Les deux vainqueurs de ce premier tour ont, eux, augmenté notablement leur score par rapport à 2017 : le président sortant recueille un million de voix de plus qu’en 2017, avec 9,56 millions de voix et 27,60 % des suffrages (contre 24 % en 2017). Marine Le Pen, elle, pourtant handicapée par la présence d’Éric Zemmour, avec 8,11 millions de voix et 23,4 % des suffrages exprimés, recueille 430 000 voix de plus qu’en 2017. 

Il est à noter que si l’on additionne les voix des trois candidats que l’on qualifiera, selon les sensibilités, de « droite nationale »  ou « d’extrême droite »  (Marine Le Pen, Éric Zemmour et Nicolas Dupont-Aignan), on aboutit à 11,27 millions de voix, soit 32,5 % des suffrages exprimés, ce qui est le plus haut score historiquement obtenu par ce courant en France. 

Le troisième homme

Quant à l’Insoumis Jean-Luc Mélenchon, il a lui aussi nettement amélioré ses résultats depuis 2017, sans toutefois parvenir à se qualifier pour le deuxième tour. Avec 7,60 millions de voix et 21,95 % des suffrages, il améliore son score de 2017 de presque 600 000 voix, réalisant des scores importants notamment dans les anciennes « banlieues rouges »  d’Île-de-France et dans les Outre-mer (lire article ci-dessous). 

Deuxième tour

Le deuxième tour, dans 15 jours, va donc opposer le président sortant Emmanuel Macron à Marine Le Pen, qui s’est présentée hier soir non comme la candidate du Rassemblement national mais comme une candidate « hors partis ». Parmi les candidats du premier tour, seuls Nicolas Dupont-Aignan et Éric Zemmour ont appelé à voter pour elle au second tour. 

À l’inverse, Anne Hidalgo, Fabien Roussel, Yannick Jadot et Valérie Précresse ont dès hier soir appelé à voter Emmanuel Macron – cette dernière « à titre personnel », certains cadres de son parti, comme Éric Ciotti ou Gilles Platret, ayant aussitôt désavoué ce choix. 

Jean-Luc Mélenchon a, lui, martelé que « pas une voix »  de ses électeurs ne doit aller à Marine Le Pen, sans pour autant appeler à voter pour le président sortant. 

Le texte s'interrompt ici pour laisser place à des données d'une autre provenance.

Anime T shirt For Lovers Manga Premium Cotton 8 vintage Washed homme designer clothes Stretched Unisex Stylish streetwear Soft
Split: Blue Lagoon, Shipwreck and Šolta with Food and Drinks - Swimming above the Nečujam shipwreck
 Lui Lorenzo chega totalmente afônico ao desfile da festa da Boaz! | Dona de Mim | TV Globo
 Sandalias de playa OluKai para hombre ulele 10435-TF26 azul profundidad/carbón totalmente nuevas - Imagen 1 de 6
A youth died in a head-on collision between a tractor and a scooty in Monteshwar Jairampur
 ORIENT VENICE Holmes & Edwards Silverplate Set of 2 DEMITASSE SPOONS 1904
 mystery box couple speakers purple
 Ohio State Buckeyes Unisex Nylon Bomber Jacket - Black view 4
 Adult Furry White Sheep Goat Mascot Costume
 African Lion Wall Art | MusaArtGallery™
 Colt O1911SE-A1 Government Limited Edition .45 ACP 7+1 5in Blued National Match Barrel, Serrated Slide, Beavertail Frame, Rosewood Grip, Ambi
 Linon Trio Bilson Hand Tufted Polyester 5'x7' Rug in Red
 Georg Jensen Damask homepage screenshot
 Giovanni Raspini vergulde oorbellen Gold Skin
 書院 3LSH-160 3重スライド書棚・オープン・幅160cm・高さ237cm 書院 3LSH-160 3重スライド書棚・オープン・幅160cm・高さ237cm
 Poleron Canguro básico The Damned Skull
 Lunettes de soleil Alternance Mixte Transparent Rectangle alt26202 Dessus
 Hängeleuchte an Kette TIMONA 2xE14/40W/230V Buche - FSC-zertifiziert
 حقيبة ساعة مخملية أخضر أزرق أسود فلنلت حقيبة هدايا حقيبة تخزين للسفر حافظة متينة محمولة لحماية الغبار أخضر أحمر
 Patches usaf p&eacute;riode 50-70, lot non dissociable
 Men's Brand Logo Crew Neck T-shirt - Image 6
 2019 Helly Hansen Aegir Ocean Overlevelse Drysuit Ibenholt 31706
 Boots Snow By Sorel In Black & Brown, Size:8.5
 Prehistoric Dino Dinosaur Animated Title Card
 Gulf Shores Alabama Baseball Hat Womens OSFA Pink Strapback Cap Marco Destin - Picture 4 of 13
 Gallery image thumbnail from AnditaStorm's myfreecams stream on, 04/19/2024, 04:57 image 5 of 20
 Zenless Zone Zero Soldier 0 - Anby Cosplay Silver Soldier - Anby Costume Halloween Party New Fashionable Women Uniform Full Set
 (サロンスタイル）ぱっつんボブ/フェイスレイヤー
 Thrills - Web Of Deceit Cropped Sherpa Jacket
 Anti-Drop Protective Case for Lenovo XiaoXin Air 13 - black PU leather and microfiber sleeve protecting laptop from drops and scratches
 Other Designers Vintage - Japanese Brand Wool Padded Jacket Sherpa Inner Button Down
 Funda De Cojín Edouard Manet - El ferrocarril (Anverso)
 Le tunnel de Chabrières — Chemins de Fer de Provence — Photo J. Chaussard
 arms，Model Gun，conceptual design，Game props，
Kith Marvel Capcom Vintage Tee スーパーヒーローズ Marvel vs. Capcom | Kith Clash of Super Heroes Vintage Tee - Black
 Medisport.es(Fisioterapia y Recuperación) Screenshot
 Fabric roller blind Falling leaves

À l’extrême gauche, Nathalie Arthaud (196 000 voix, 0,57 %) a appelé à voter blanc au second tour, et Philippe Poutou (266 000 voix et 0,77 %), sans parler de vote blanc, n’a pas appelé à voter pour Emmanuel Macron. 

Enfin, Jean Lassalle, qui a réalisé un score de 3,16 % (1,09 million de voix), honorable au vu de la discrétion de sa campagne, il n’a pas donné de consigne de vote précise pour le second tour. Il s'est contenté d'une des formules aussi lapidaires que sybillines dont il a le secret pour qualifier les deux vainqueurs – « ils me font pitié ».

Les premiers sondages réalisés hier soir, après le premier tour, donnent Emmanuel Macron vainqueur du second tour, mais avec un écart relativement faible. Le temps est loin de 2002 et des 82 % obtenus par Jacques Chirac contre Jean-Marie Le Pen, et même de 2017 avec les 66 % d’Emmanuel Macron au second tour. Les cinq sondages réalisés hier donnent, pour le plus favorable au président sortant, un écart de 8 points (46 % pour Marine Le Pen et 54 % pour Emmanuel Macron) ; et pour le moins favorable un écart de 2 points (49 % contre 51 %).

En un mois, les courbes se sont fortement rapprochées, le président sortant perdant 8 points dans les sondages de second tour et la candidate du RN en gagnant autant. Pour la première fois, un second tour incluant une candidate d’extrême droite semble ouvert.